I tried to stop thinking about my lost luggage (and lost tulip slippers) as we wandered through Porto towards the river. Porto is very beautiful. Or as Frances’ guidebook described it: full of faded grandeur. Lost of buildings with faded, colored paint, that look kind of run down yet have a certain character. The city is really hilly, so there are lots of steep winding streets and stairs.
Even though I was starving, I wanted to make it down to the river for dinner so I could at least be cheered up by some nice views. We found a restaurant with a patio by the Ribeira area, along a row of old, colorful houses lining the river.

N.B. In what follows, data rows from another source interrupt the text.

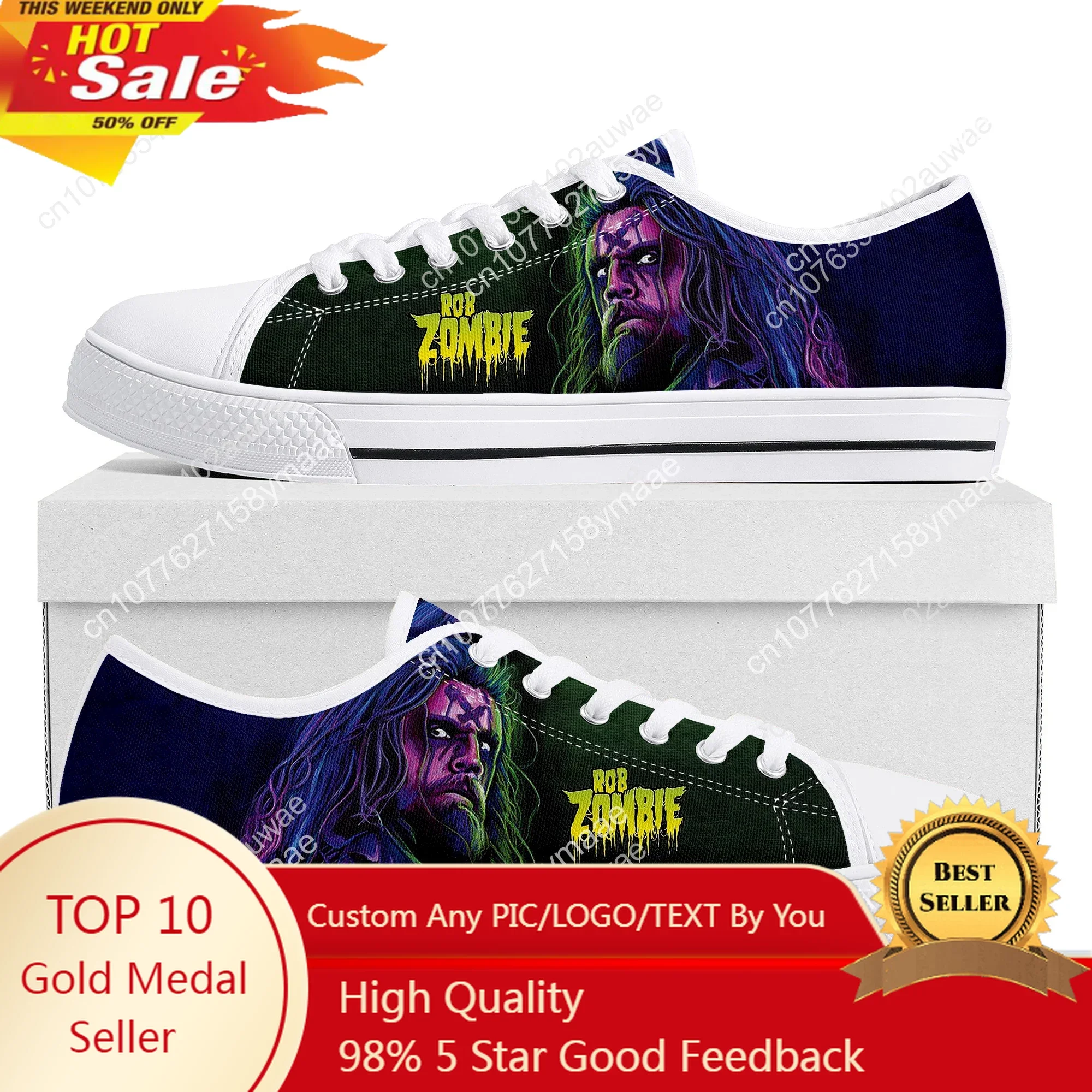 Рок-певец и Rob Zombie, С нисък покрив, висококачествени маратонки, мъжки, дамски, юношески, детски, парусиновые обувки, ежедневни обувки за чифта обувки по поръчка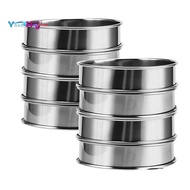 8Pcs 4 Inch Muffin Rings Crumpet Rings Molds Double Rolled Tart Rings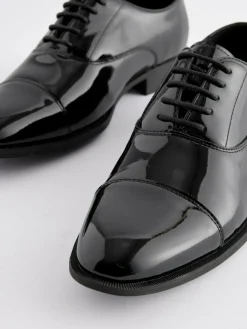 Next Black Standard Fit Patent Oxford Toe Cap Shoes^ Shoes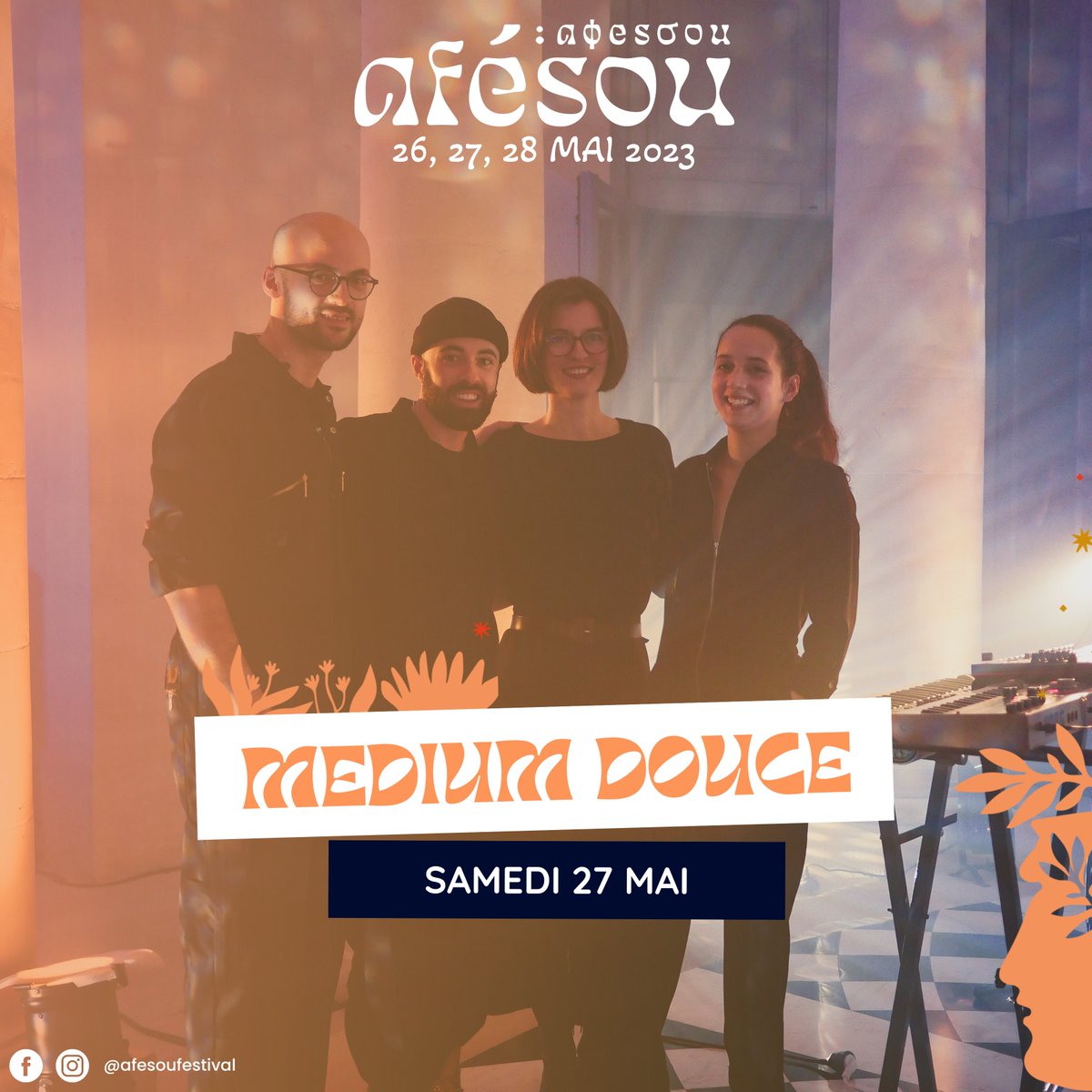 mediumdouce's tweet photo. rendez-vous le 27.05 au Festival Afesou! On a hâte! <3 https://t.co/wbwpTttAQa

The restaurant was charming, decorated with antique items like old-school phones and sewing machines. It had a great view of the river, the Port wine cellars across the water and the impressive steel Dom Luis Bridge crossing the river.
I think we ordered half the menu. We started with a liter of red wine, then on to appetizers. We ordered the Franceshina, which was described as bread with cheese, ham, meat, etc. We thought it would be a platter of food, but apparently it’s a traditional Porto dish which consists of a piece of bread with ham, steak and cheese piled on it. All of this is swimming in a gravy made of beer and other ingredients. Oh – and there’s a fried egg on top! Yummy.

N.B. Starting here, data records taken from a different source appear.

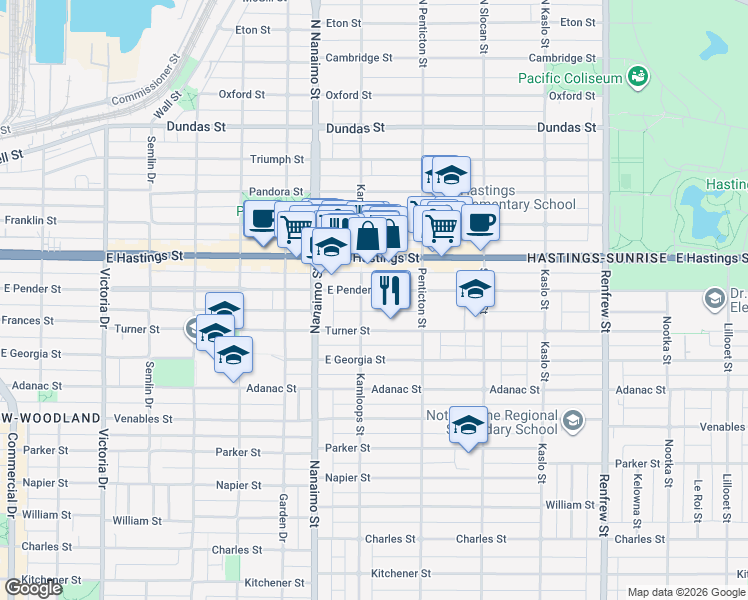map of restaurants, bars, coffee shops, grocery stores, and more near in Vancouver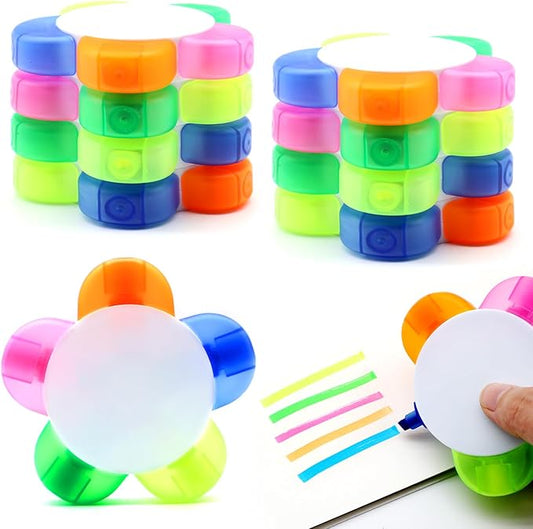 Petal Highlighters 8 PCS Multicolor Highlighter Pens with 5 Vibrant Colors 5 in 1,Flower Shape Fluorescent Pens, Portable & Smooth Writing for School Office Stationery Supplies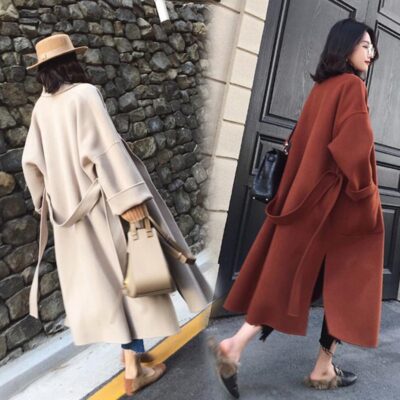 Áo khoác cashmere nữ dài vừa phải mùa thu đông 2023 phiên bản Hàn Quốc mới phổ biến áo khoác len nữ phong cách đại học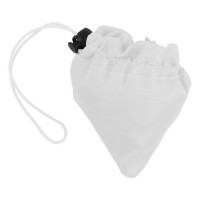 Foldable shopping bag, folded into corner with string and plastic stopper AIV0581-02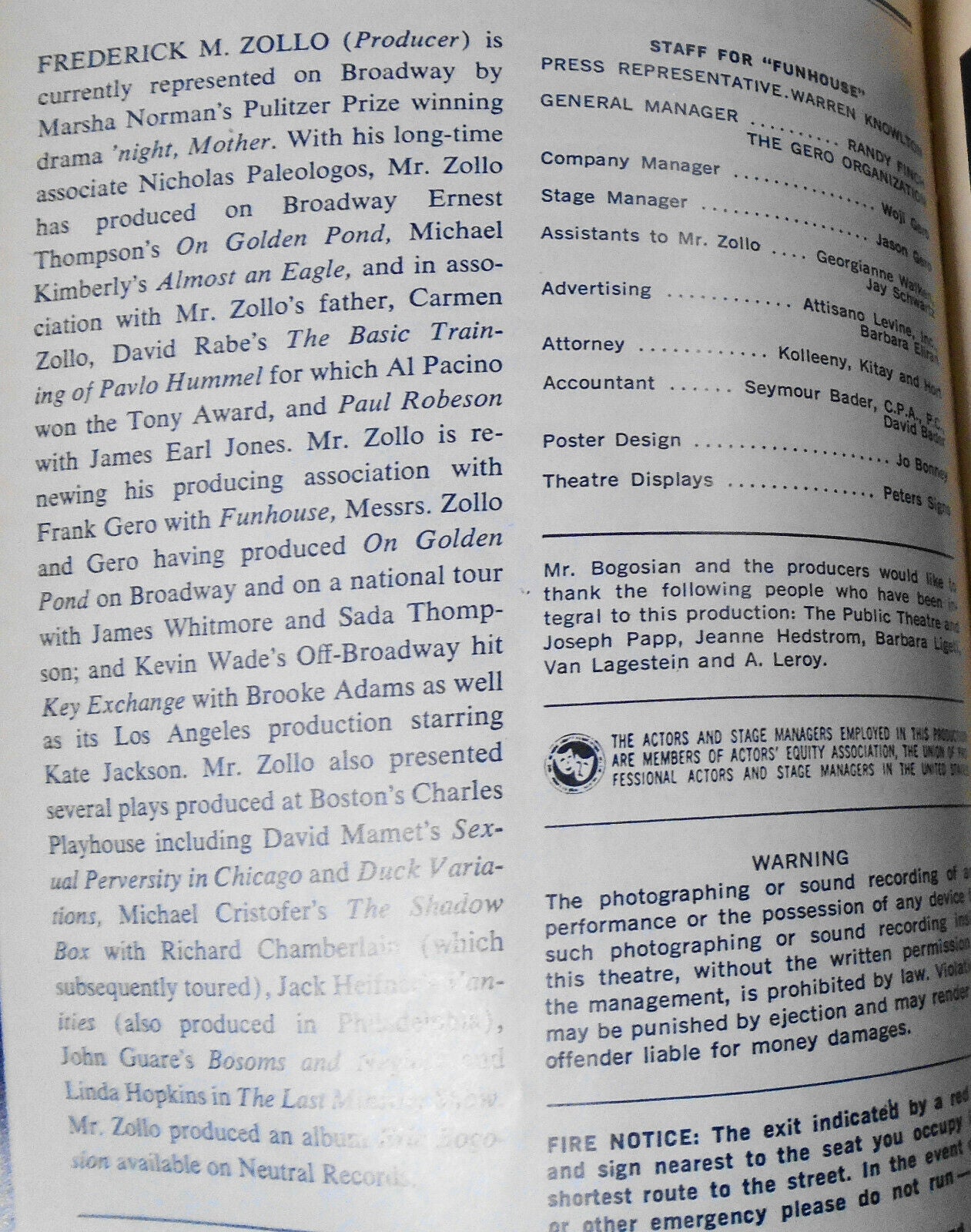 Funhouse (1983) and Drinking in America (1986) - 2 Eric Bogosian Playbills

Frances also ordered an octopus appetizer, which I actually tried. It wasn’t bad – the octopus didn’t have a strong taste, other than the vinegar it was soaked in, and the texture was probably less out there than calamari.
For dinner, I ordered a traditional bacalao (cod) dish, with potatoes and veggies. Unfortunately, it tasted way too fishy for me! At least we had a super authentic first meal in Porto, surrounded by beautiful scenery!